Package to help with normalizing data needed for the platform!

Project description

General Information

The DataNormalizer package is made to help data scientists with validating and normalising data that they are going to import. Right now the library is able to validate columns and check datasets based on a set of rules like custom data types.

import DataNormalizer

Setting variables

The DataNormalizer library might need the details of the target app. These setting are set through properties.

Clappform.Auth(baseURL="https://dev.clappform.com/", username="user@email.com", password="password")
Normalise = DataNormalizer.Normalise()
Normalise.app_data = Clappform.App("appname").ReadOne(extended=True)
Normalise.dataframe = pandas.read_excel("../data.xlsx")
Normalise.rules = json.load(open('../rules.json'))

checkRules

Function that will check the custom rules against your dataframe. Requires dataframe and rules. Returns a dataframe

Normalise = DataNormalizer.Normalise()
Normalise.dataframe = pandas.read_excel("../data.xlsx")
Normalise.rules = json.load(open('../rules.json'))
result = Normalise.checkRules()

Rules are added in a JSON file. Every column has its own rule, however rules without a column name are seen as global rules.

[
{
    "reset_coverage":"True",
    "action": "np.nan",
    "verbose": "to_file"
},
{ 
    "column": "city",
    "check_coverage": "10",
    "selection": [ "Aa en Hunze", "Aalsmeer", "Aalten", "Achtkarspelen"]
},
{
    "column": "postalCode",
    "type": "postal_code"
}
]

Supported keys are

keys	value	explanation	Global
verbose	to_file / silent...	How do you want to be notified of errors?	Yes
column	gemeente	On which column does this rule apply	No
type	postal_code / int / string...	What should the values of this column be	No
action	np-nan	What to do with the value if incorrect	Yes
selection	[ "Aa en Hunze", "Aalsmeer", "Aalten"]	The values must be one of these values	No
one_hot_encoding	"prefix" or "" with no prefix	Concat pandas dummies on the dataframe	No
concat	{"name": "uniqueID", "columns": ["col1", "col2"]}	Concatenate columns together (for unique ID generation)	Only Global
operator	{"name": "divide", "columns": ["A", "B"], "type": "divide"}	Apply operator on two columns, result to new column	Only Global
drop_duplicates	["col1", "col2"]	Drop duplicates based on a subset of column values	Only Global
shared_colname_drop	"anything"	If multiple shared column names, keep one	Only Global
timestamp	"%Y-%m-%d"	Map values to a datetime object, skip rule immediatly if one value fails	No
range_time	["2017-12-01 00:00:00", "2012-12-01 00:00:00"]	Converts data to timestamp and checks range, combining with timestamp improves speed	No
fillna	value	Fill every NaN value to a key	Yes
range	["-inf", 2010] / [2010, "inf"]	Number range, left <= value >= right	No
mapping	{"bad": "0","moderate": "1"}	Map row values to something else	yes
column_mapping	{"postcode": "postal_code","stad": "city"}	Map column values to something else	Yes
regex	[1-9][0-9]?$^100$	Column value should look like this regex	No
check_coverage	50	Take a smaller sample of the column, in percentage	Yes
reset_coverage	True / False	If an error is found in the sample, fall back to 100%	Yes

Supported values for types

type	explanation
int	accepts ints and floats get decimal removed
positive-int	same as int but only positive and zero
negative-int	same as int but only negative
string	characters accepted
float	decimal numbers accepted
boolean	makes lowercase and accepts true / false
postal_code	accepts 1111AB format.
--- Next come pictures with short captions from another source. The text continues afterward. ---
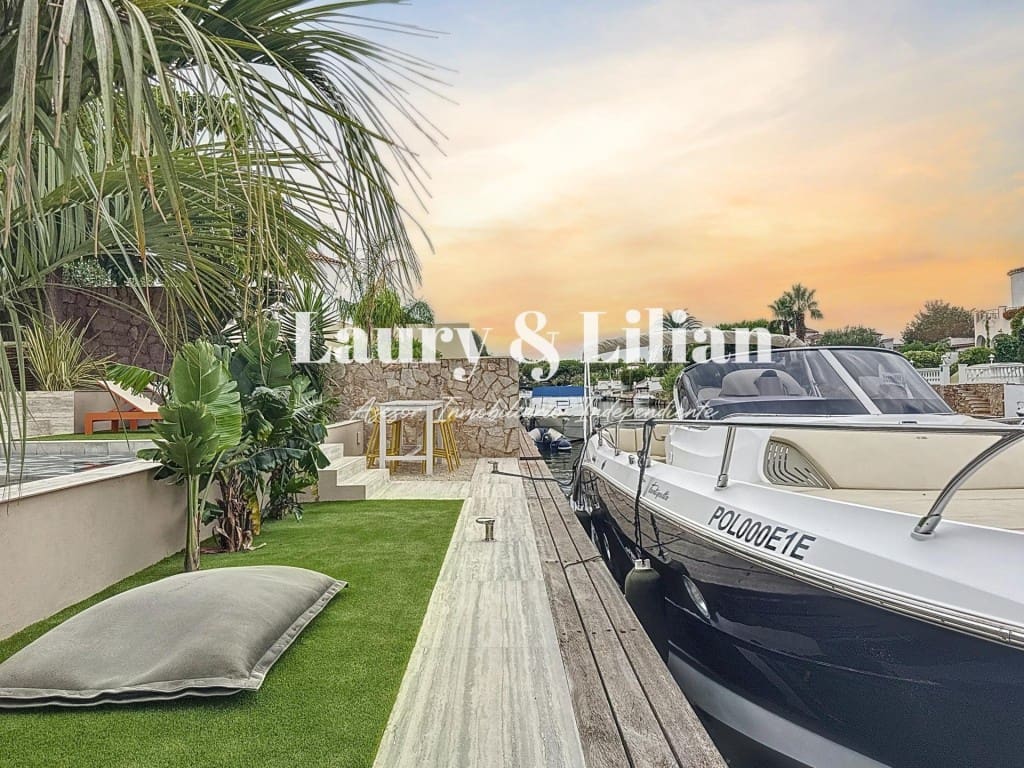 4 soveværelse Villa til salg i Empuriabrava med swimmingpool - € 1.450.000 (Ref: 9595382)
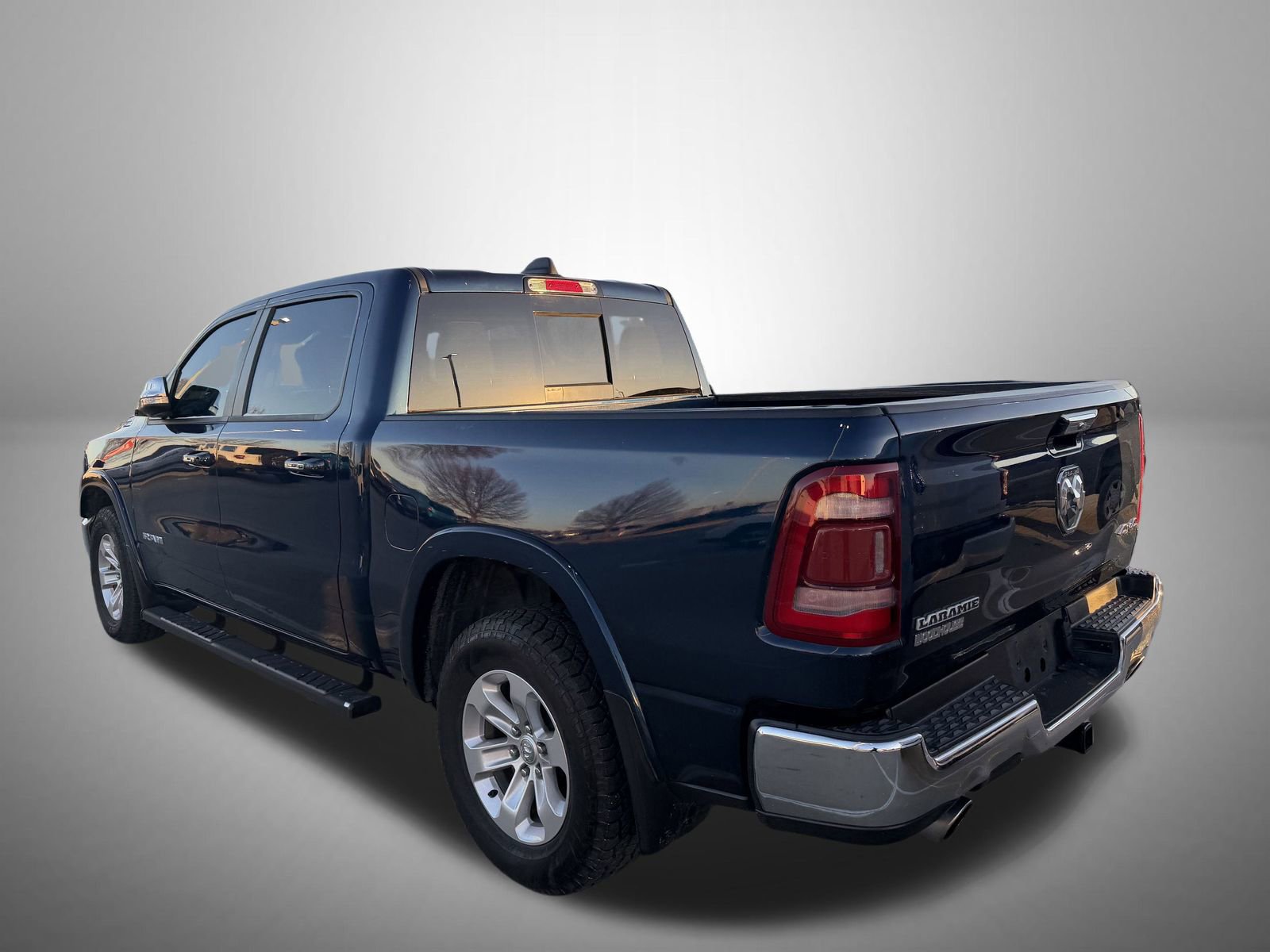 Used 2020 RAM 1500 Laramie image 4
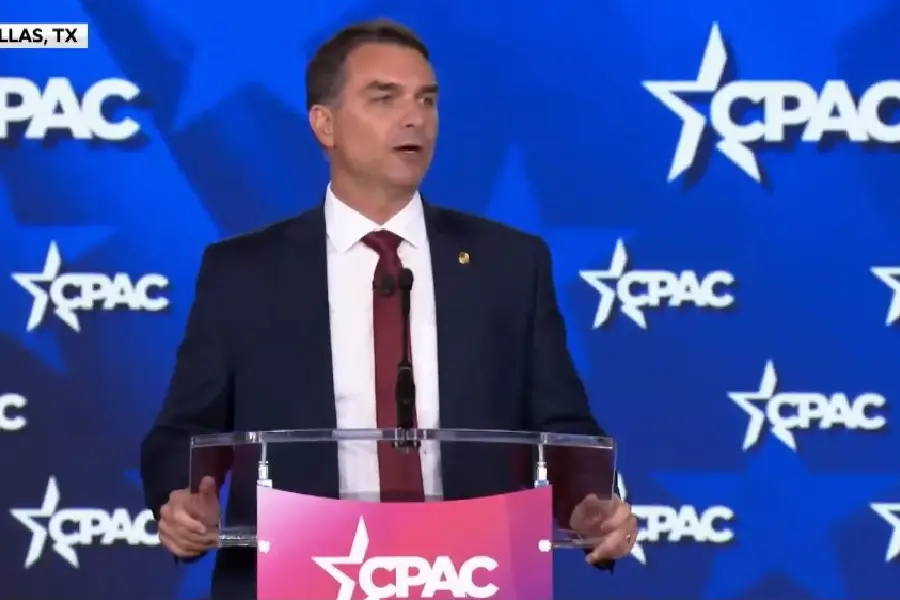 Senador Flávio Bolsonaro discursando em púlpito durante o evento CPAC.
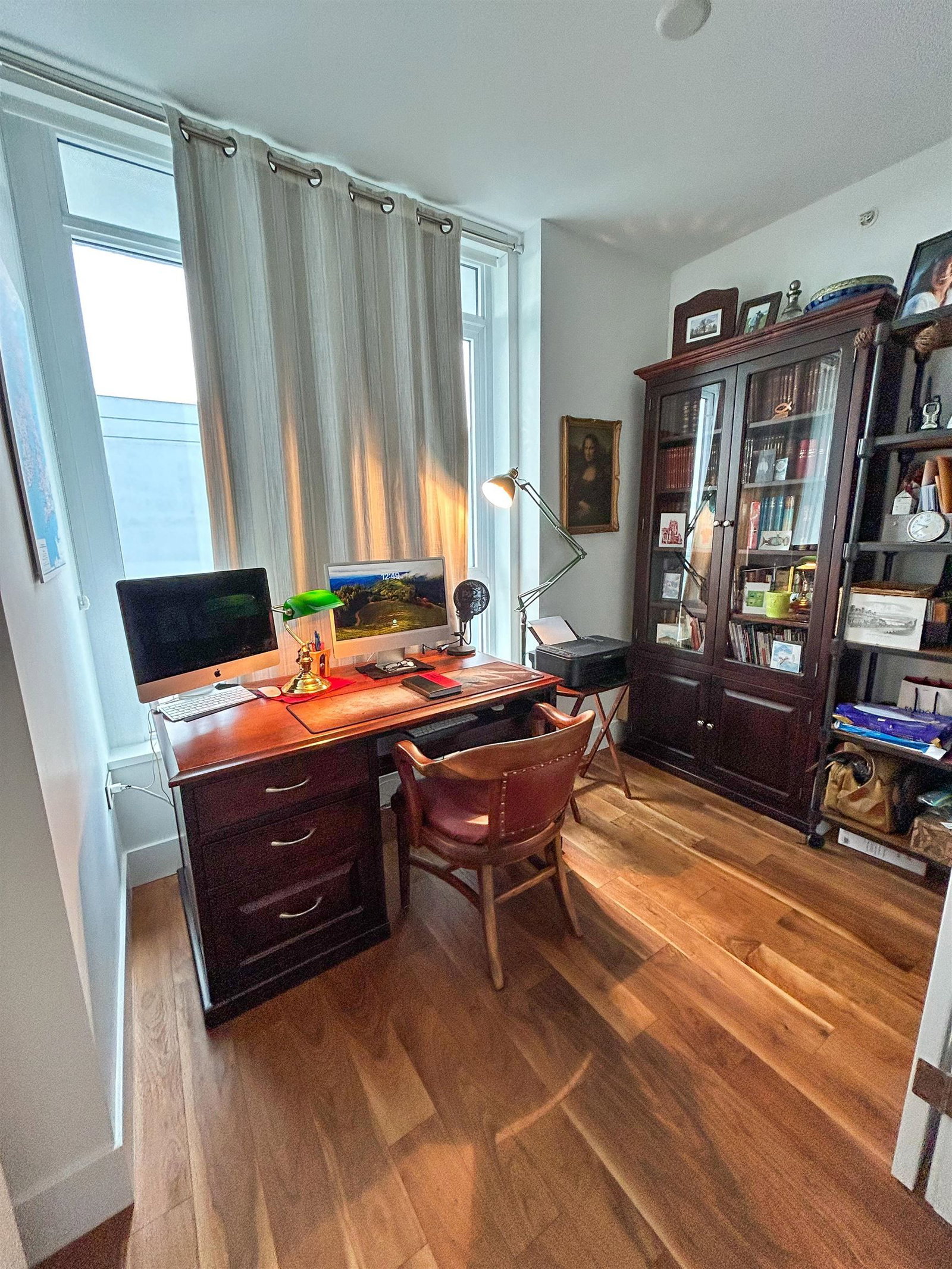 Listing Image 5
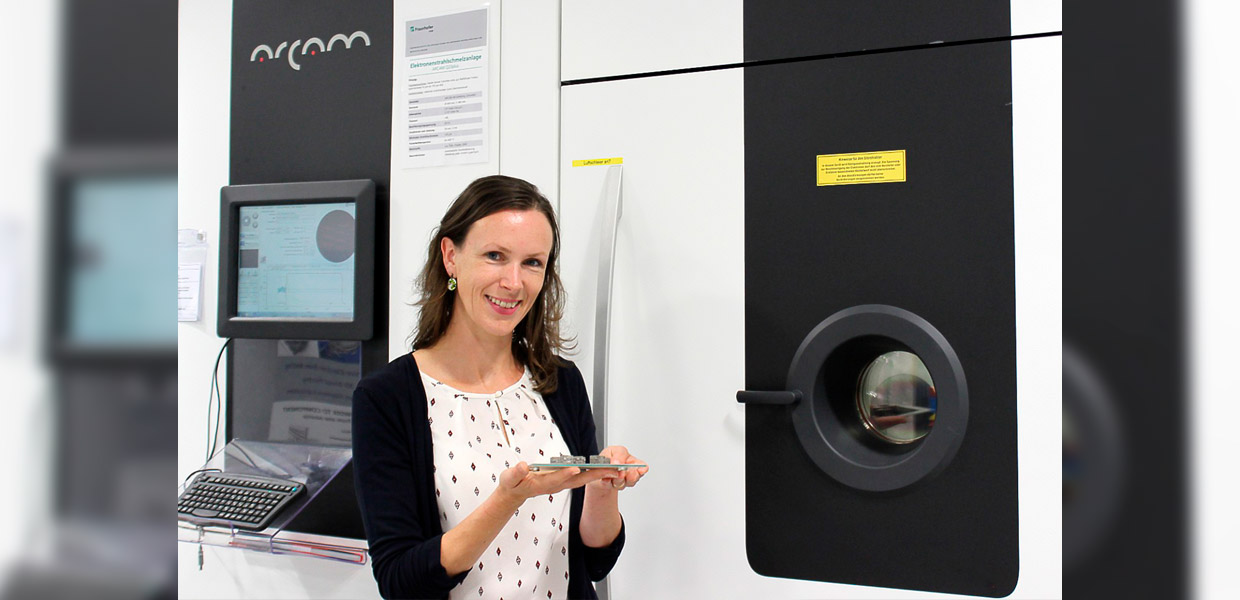 Werkstoffwissenschaftlerin Dr. Inge Lindemann leitet den neuen Forschungsbereich für weichmagnetische Werkstoffe am Fraunhofer IFAM in Dresden. Für ihre Arbeiten greift sie u. a. auf die Anlagen für die Additive Fertigung am Institut zurück.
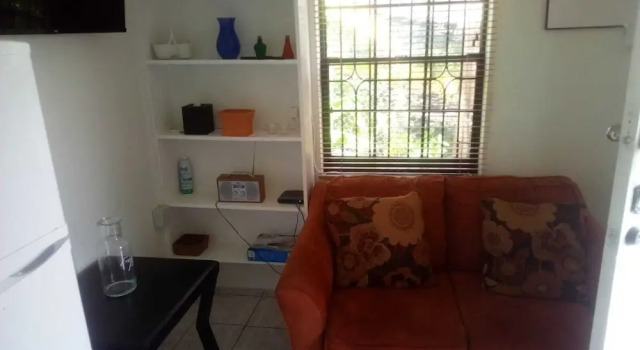 Henrietta's Seaview Studio, Book Hotel Pigeon Island Monchy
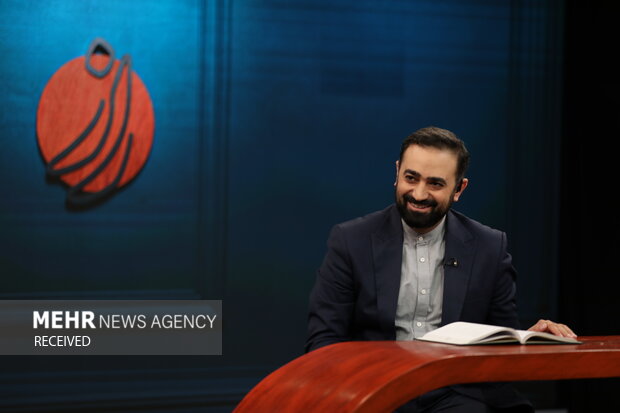 پشت صحنه برنامه تلویزیونی «راز» پشت صحنه برنامه تلویزیونی «راز»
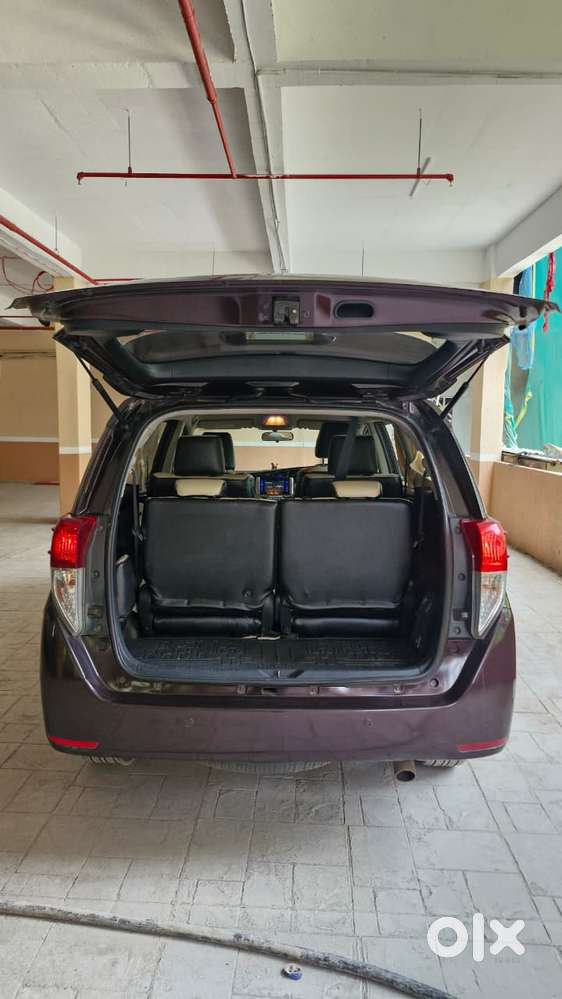 Toyota Innova Crysta 2.8 Zx At 7 Seater, 2017, Diesel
Removes special chars then makes string uppercase
street	Accepts letters, spaces and '. Makes first character and characters after ' uppercase
latitude / longitude	accepts 32.111111 format
letters	only accepts letters

Operator options

operator	explanation
divide	Divide two columns on row level and put result to new column
multiply	Multiply two columns on row level and put result to new column

Fillna options

action	explanation	value
fillna	Fill NaN value with something else	Some thing to fill NaN with
fillna_diffcol	Fill NaN with the value of a different column on that row	Other column name
fillna_mean	Fill NaN with mean of column	Doesn't matter
fillna_median	Fill NaN with median of column	Doesn't matter

Supported values for action

action	explanation
np.nan	Replaces mismatches with np.nan
drop	Drop the row

Supported values for verbose

action	explanation
to_console	(DEFAULT) Print errors to console
to_file	Print errors to a file with a timestamp.txt format
silent	Dont print

obtainKeys

Function that will find keys needed for the app, needs app_data. Returns keys

Normalise = DataNormalizer.Normalise()
Normalise.app_data = Clappform.App("appname").ReadOne(extended=True)
Normalise.obtainKeys()

matchKeys

Function that will find missing keys, needs app_data and dataframe. Returns missing and additional keys

Normalise = DataNormalizer.Normalise()
Normalise.app_data = Clappform.App("appname").ReadOne(extended=True)
Normalise.dataframe = pandas.read_excel("../data.xlsx")
Normalise.matchKeys()

fixMismatch

Function that will suggest changes to your dataset based on missing keys, needs app_data and dataframe. Lowering the strictness will increase the amount of matches with possible keys. Needs app_data and dataframe. Interaction via terminal.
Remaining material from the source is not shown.